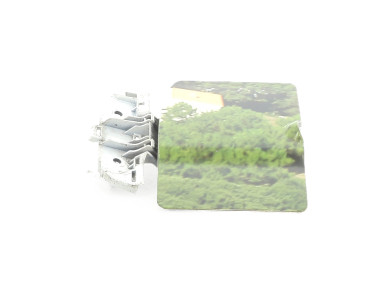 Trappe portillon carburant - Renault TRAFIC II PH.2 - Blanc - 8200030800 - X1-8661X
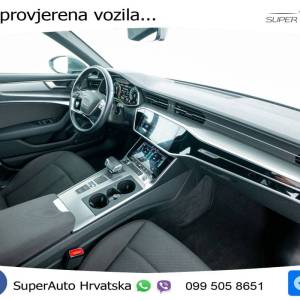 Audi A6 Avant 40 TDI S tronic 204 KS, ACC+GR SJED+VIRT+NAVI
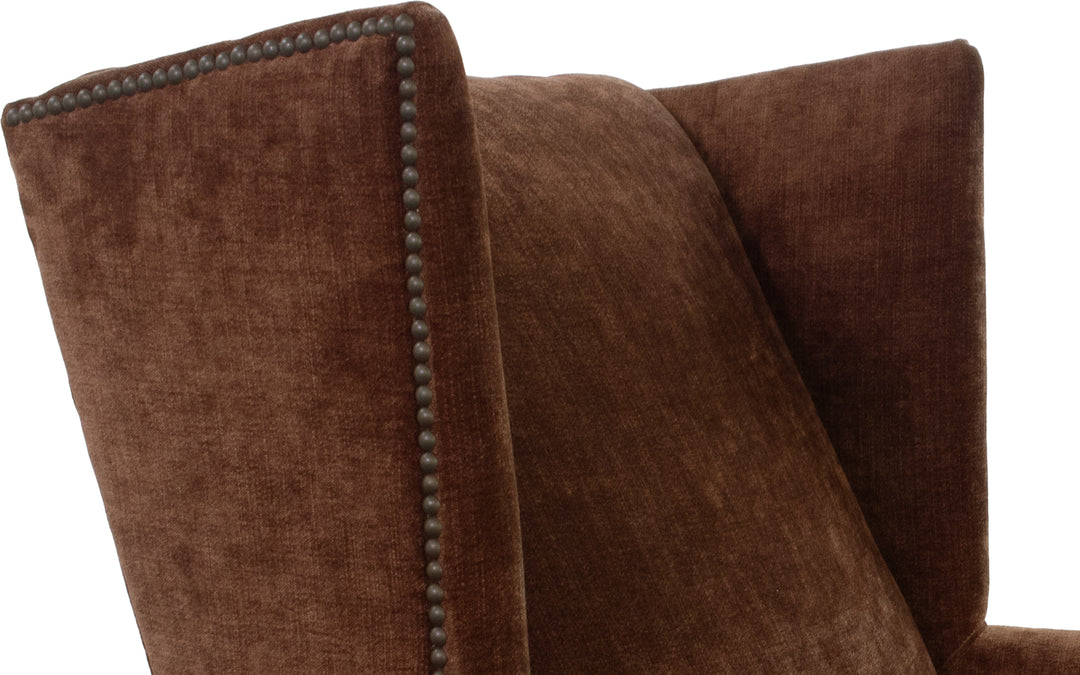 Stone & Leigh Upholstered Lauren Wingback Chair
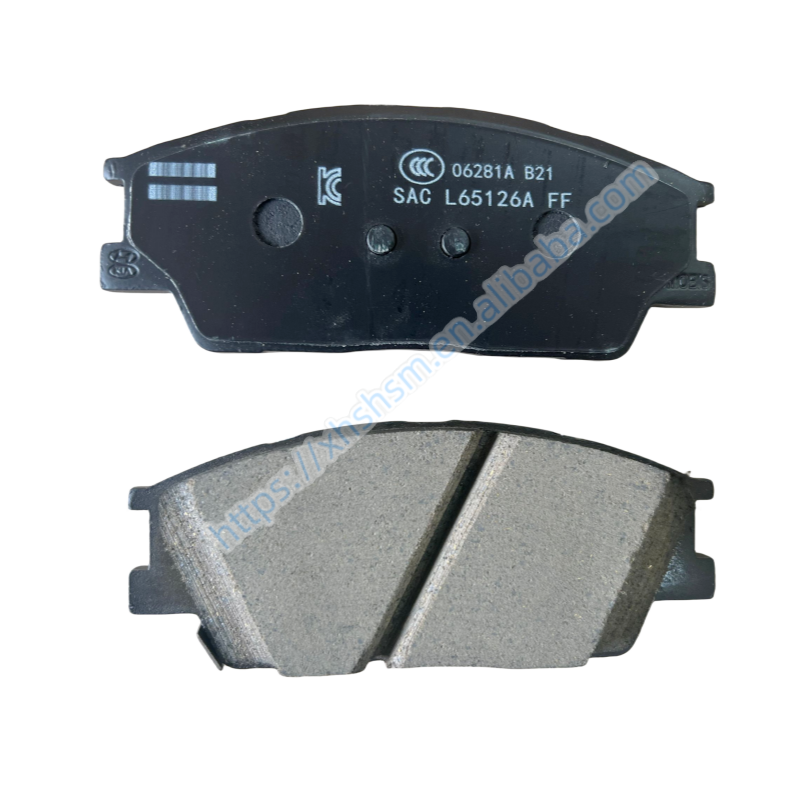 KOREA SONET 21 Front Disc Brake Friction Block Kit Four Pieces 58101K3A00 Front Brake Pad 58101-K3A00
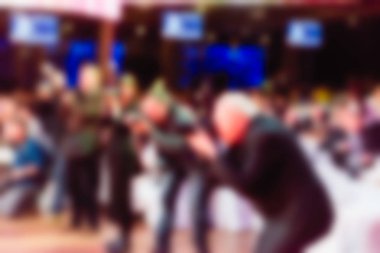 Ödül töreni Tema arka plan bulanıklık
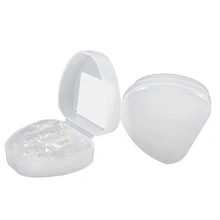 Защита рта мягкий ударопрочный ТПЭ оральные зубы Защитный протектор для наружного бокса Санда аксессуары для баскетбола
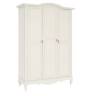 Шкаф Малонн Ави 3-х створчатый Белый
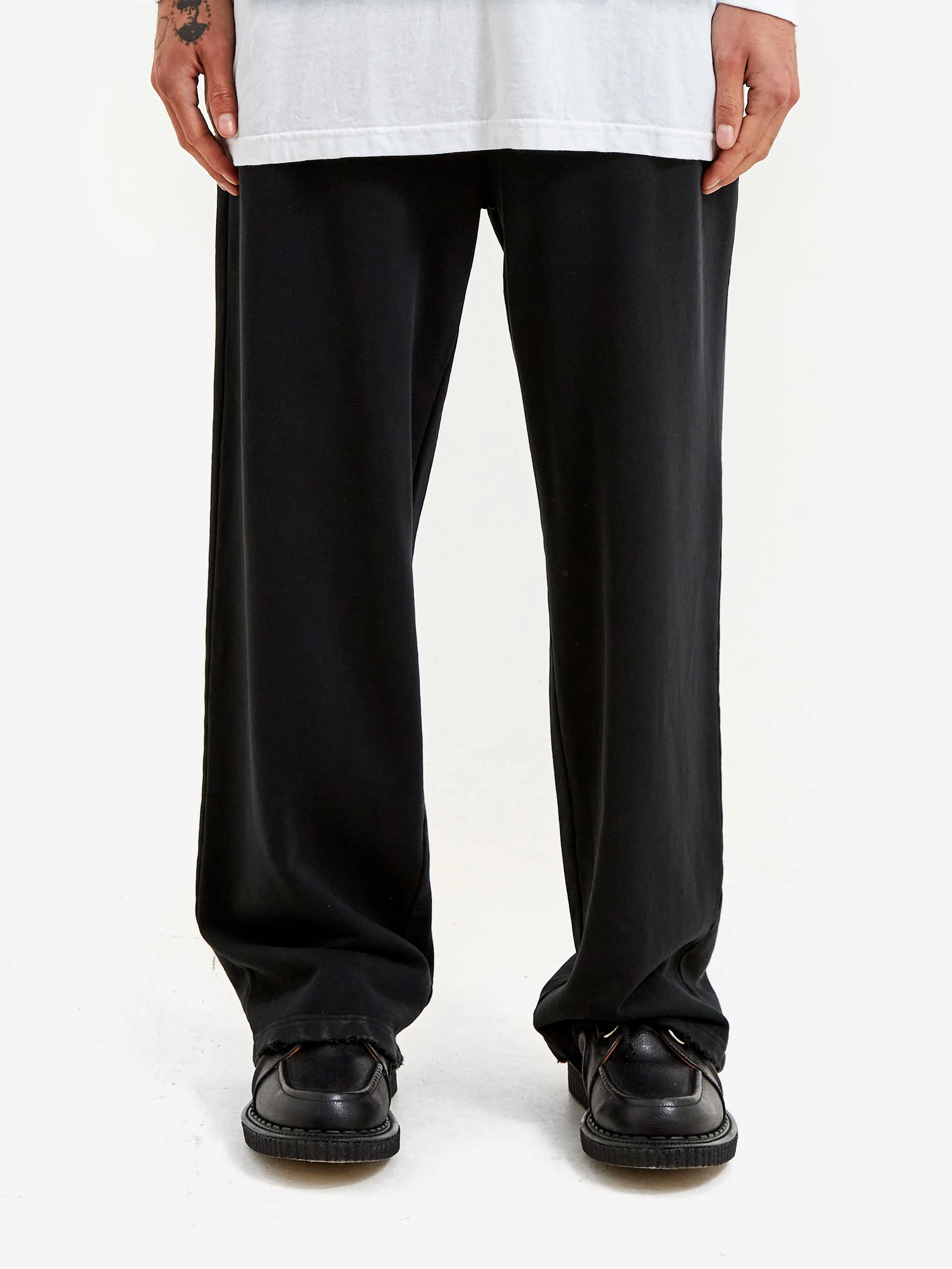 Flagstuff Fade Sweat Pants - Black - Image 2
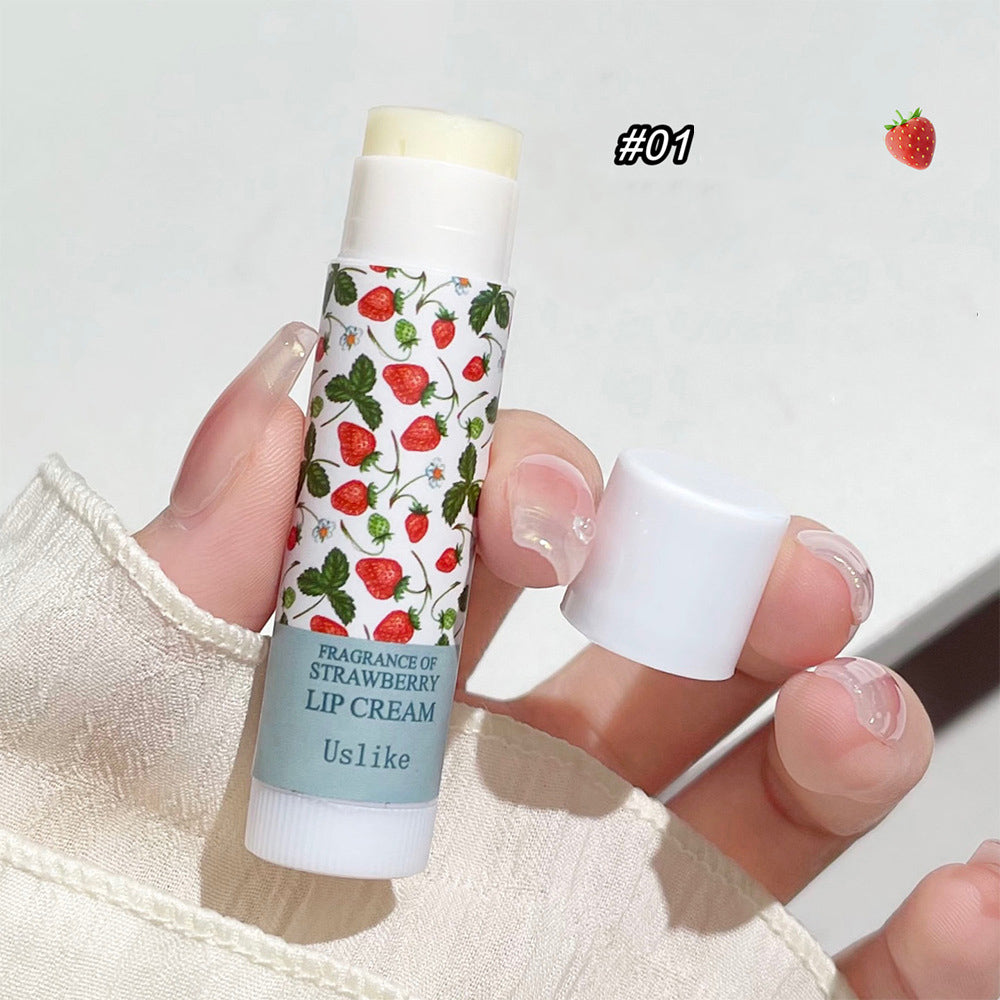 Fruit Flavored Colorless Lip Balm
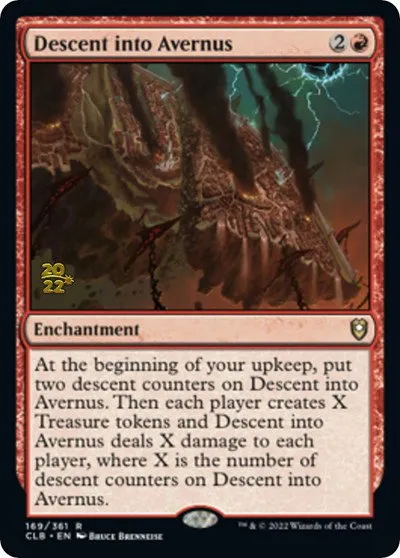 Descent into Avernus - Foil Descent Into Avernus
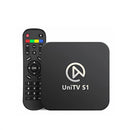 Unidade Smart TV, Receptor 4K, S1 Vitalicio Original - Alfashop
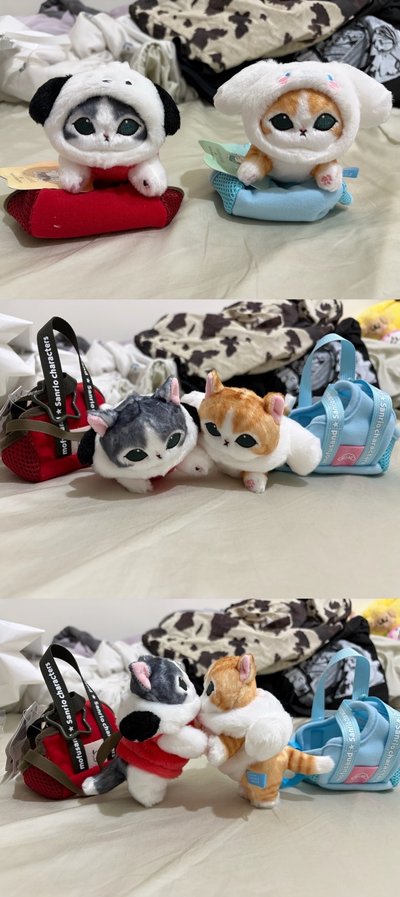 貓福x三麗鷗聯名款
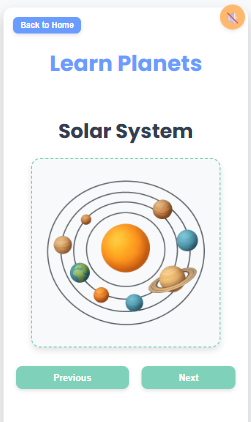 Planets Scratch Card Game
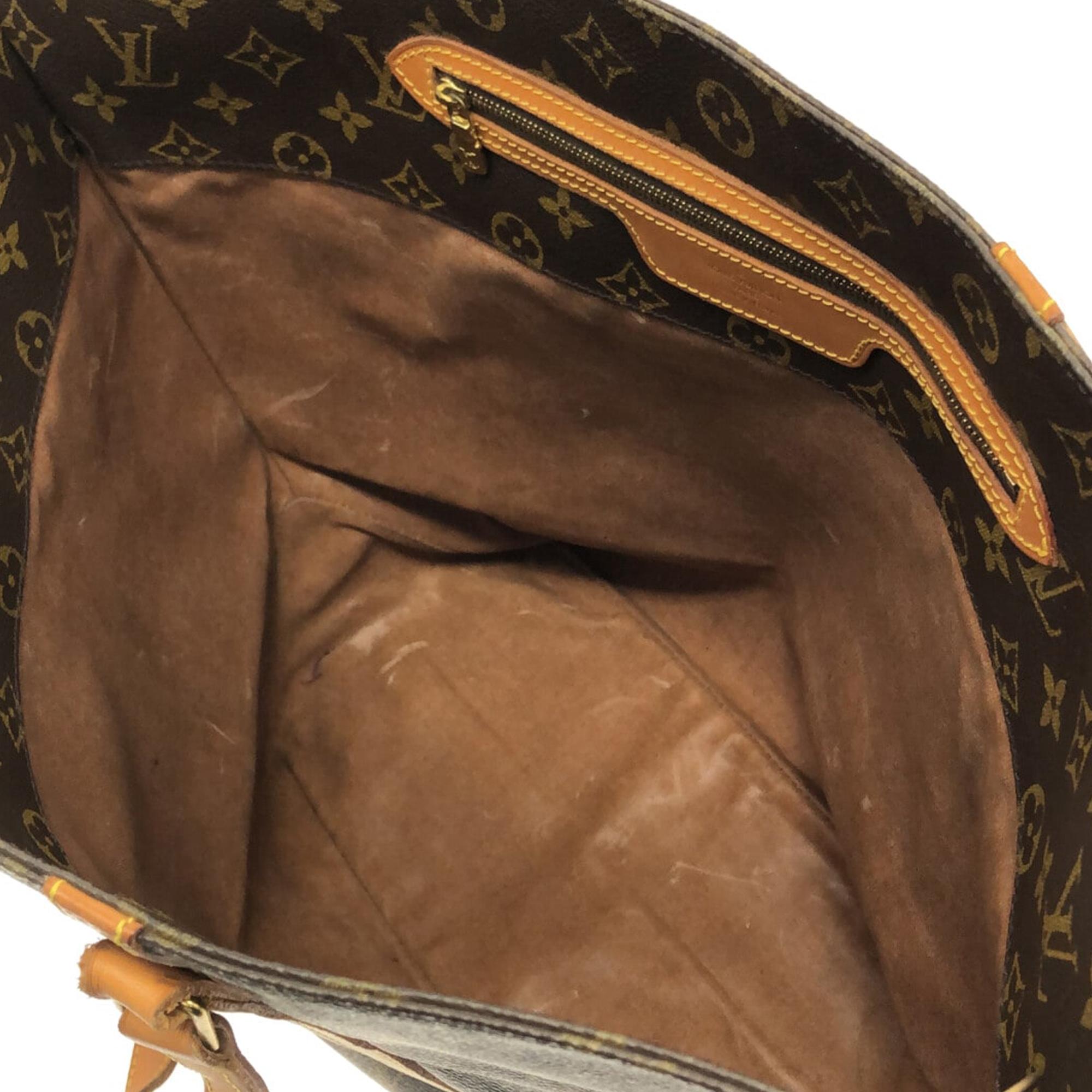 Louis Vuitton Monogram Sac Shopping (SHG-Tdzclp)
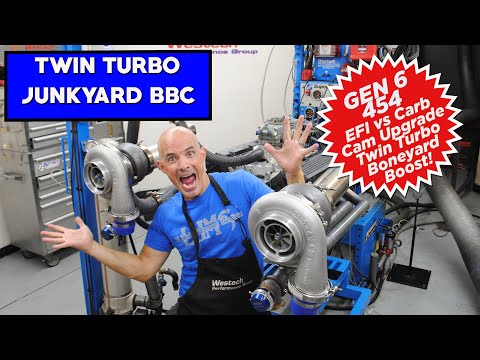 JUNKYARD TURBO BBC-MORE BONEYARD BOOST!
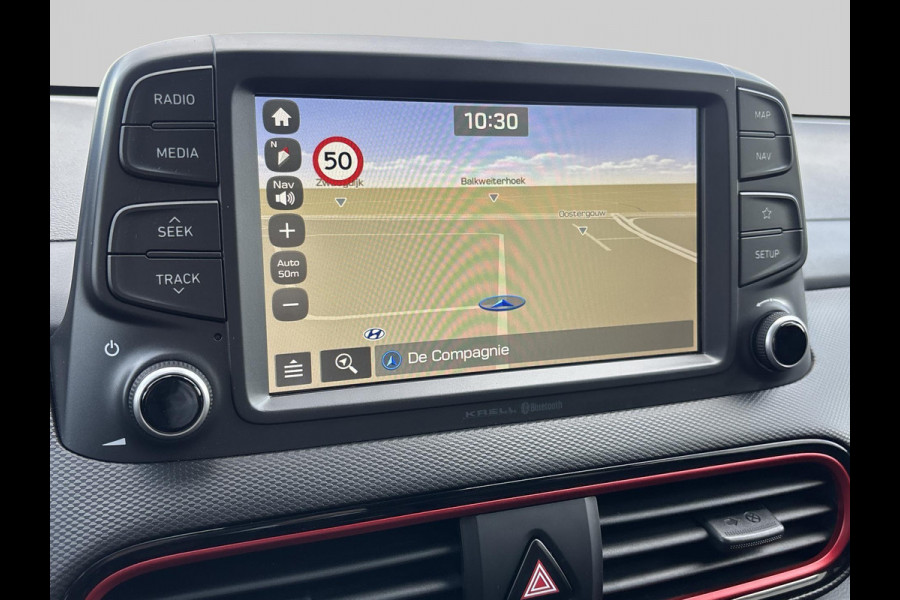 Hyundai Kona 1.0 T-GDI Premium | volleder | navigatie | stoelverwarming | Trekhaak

------------------------------------

Word for word, return the material above, but drop the pictures.

 Trappe portillon carburant - Renault TRAFIC II PH.2 - Blanc - 8200030800 - X1-8661X
 Audi A6 Avant 40 TDI S tronic 204 KS, ACC+GR SJED+VIRT+NAVI
 Stone & Leigh Upholstered Lauren Wingback Chair
 KOREA SONET 21 Front Disc Brake Friction Block Kit Four Pieces 58101K3A00 Front Brake Pad 58101-K3A00
 Ödül töreni Tema arka plan bulanıklık
 Защита рта мягкий ударопрочный ТПЭ оральные зубы Защитный протектор для наружного бокса Санда аксессуары для баскетбола
 Шкаф Малонн Ави 3-х створчатый Белый
 Flagstuff Fade Sweat Pants - Black - Image 2
 Fruit Flavored Colorless Lip Balm
 Descent into Avernus - Foil Descent Into Avernus
 Unidade Smart TV, Receptor 4K, S1 Vitalicio Original - Alfashop
 貓福x三麗鷗聯名款
 Planets Scratch Card Game
 Louis Vuitton Monogram Sac Shopping (SHG-Tdzclp)
 JUNKYARD TURBO BBC-MORE BONEYARD BOOST!
 Hyundai Kona 1.0 T-GDI Premium | volleder | navigatie | stoelverwarming | Trekhaak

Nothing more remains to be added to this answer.